The shadows around them both deepened further yet. Little cost to the Queen’s pool of stored magic, as Kara only used the shadows for the two seconds it took for the three mundane patrolmen to come into range. There was no room tonight for anything but a fatal strike. One needle-like blade in her left hand snapped out to pierce the man on the left flank through his spine, dropping him limp as she then cut a vital artery to finish him. He would be dead before he ever understood what happened. The second, right flanking, received the same treatment - but this one saw the needle coming, and his eyes were afraid before they went empty.

The third had enough time to begin to realize what was happening, meaning no simple death through the cord. He instead turned into a wider blade waiting for him, his eyes rolling white and terrified as he realized his blood was already pouring out of his throat. Kara held the back of his head for a moment, ensuring he lost consciousness as quickly as the loss of blood allowed. Then he and the other two corpses were shoved aside into shadows as best as she was able.

Where possible, she had little use for excess pain. It was an effective tool, but meant for specific purposes. Like the others, she wiped her blade and moved back to the walls. “Here we go. No more little breaks.”

“Straight on to our traitor, Kara. There’ll be two guards at her door - and they won’t fall quite as easily to your surprise attack.”

Kara patted her belt by way of example.

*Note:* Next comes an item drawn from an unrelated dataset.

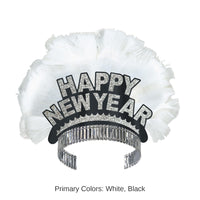 50 Pack Bulk Happy New Year Bird Of Paradise Tiara - black/silver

Both of them knew what she carried. Vials of poison, a longer blade, the garrote, and far more. “There’s always another option.”

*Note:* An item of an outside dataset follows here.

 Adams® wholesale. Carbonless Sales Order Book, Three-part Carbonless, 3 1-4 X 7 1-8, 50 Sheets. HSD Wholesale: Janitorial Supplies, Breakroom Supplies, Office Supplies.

“Or four,” said the Queen, dryly amused.

. . .

The last two guards were nothing. Kara was not normally a stand-up fighter, but these were men that didn’t understand what they faced. Her longer blade gored one and nearly decapitated the other, causing just enough ruckus in the hall that it acted as a chaotic counterpart melody to the sound of Frigga’s magic throwing open the last sealed door between them and the would-be Queen of the Norns.

Karnilla stood awake, aware, and furious in the heart of her lair. She was a tall woman whose imperiously round face hid her real age. Her long, unbound black hair was shot through with twinned streaks of pure and unnatural white - the visible price she paid for her sorceries, a warning of her power. A kind of chosen crown. At her feet was the shallow pool of the Norns, a perfect mirror of dark water that carried her face in the center of it. Even at this hour, Kara saw the pieces of vital armor under her evening furs and silks, hard leather marked everywhere with ancient runes. She could feel the power roiling off this woman, and knew the Queen’s admonishment wasn’t one of pride. It was to save her life. This was not a target any of her blades could scratch.

She spent her first few seconds instead cutting off the girl who flung herself between them and Karnilla herself, some kind of defensive spell ending in a desperate gasp. The other attendant huddled in the farthest corner, eyes huge. If she didn’t move, Kara wouldn’t. Not until she was given no choice.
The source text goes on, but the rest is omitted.